··· SOURCE DATA

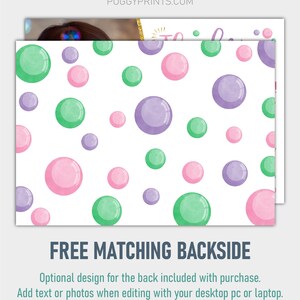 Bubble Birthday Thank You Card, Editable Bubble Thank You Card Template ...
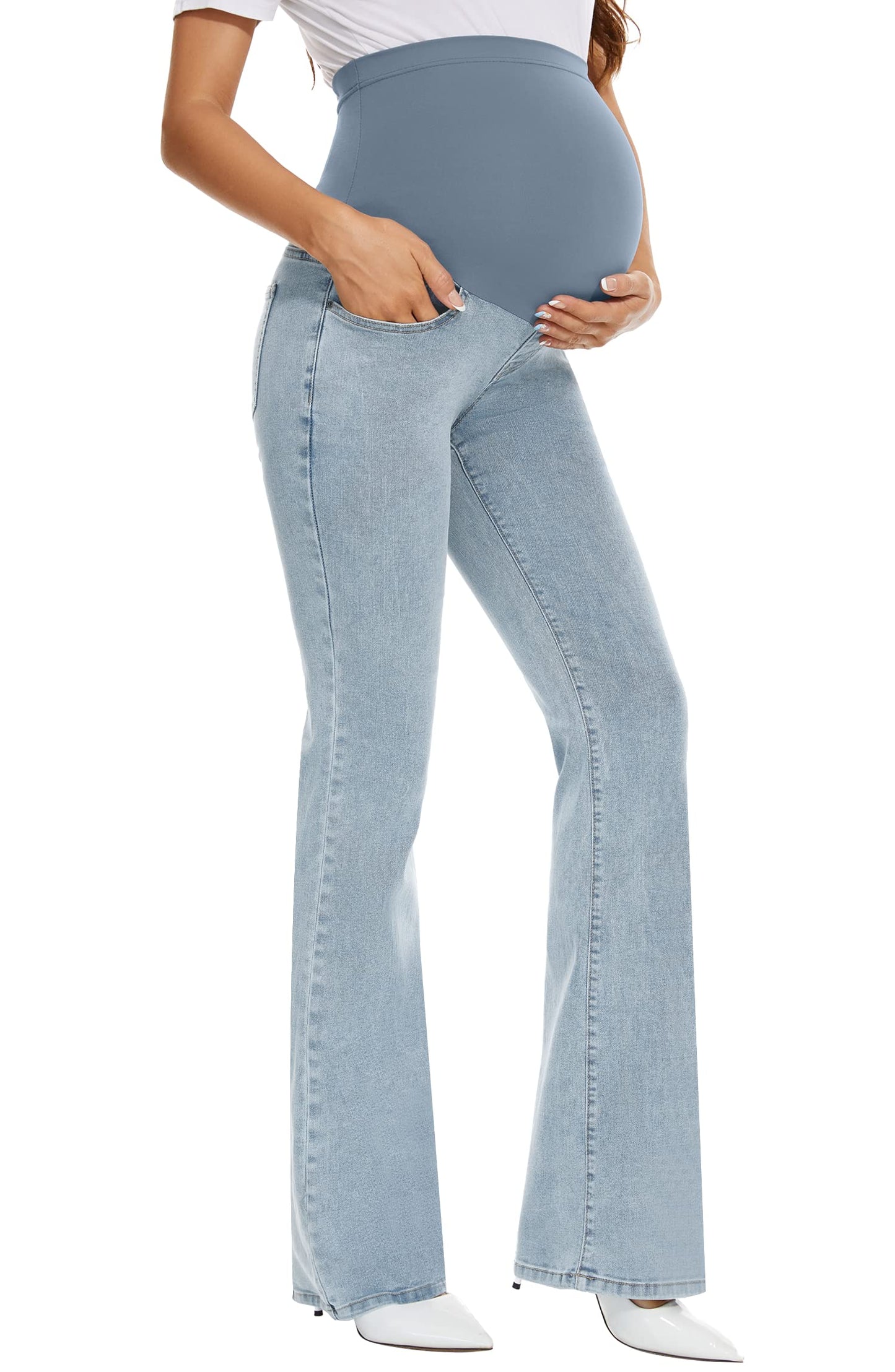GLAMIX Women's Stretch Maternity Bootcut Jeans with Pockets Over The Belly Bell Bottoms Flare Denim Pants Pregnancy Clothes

······
··· SOURCE DATA

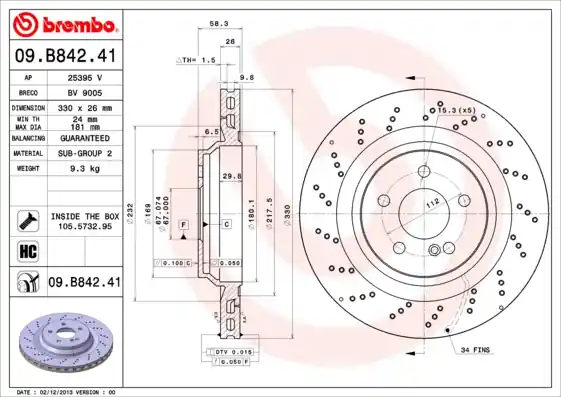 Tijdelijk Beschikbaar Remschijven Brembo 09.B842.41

······

**WHAT THE TASK REQUIRES**
Reproduce word for word, with pictures dropped, only the part of the material above that opens with the line containing "Bubble Birthday Thank" and closes with the line containing "GLAMIX Women's Stretch".

**OUTPUT OF THE TASK**
 Bubble Birthday Thank You Card, Editable Bubble Thank You Card Template ...
GLAMIX Women's Stretch Maternity Bootcut Jeans with Pockets Over The Belly Bell Bottoms Flare Denim Pants Pregnancy Clothes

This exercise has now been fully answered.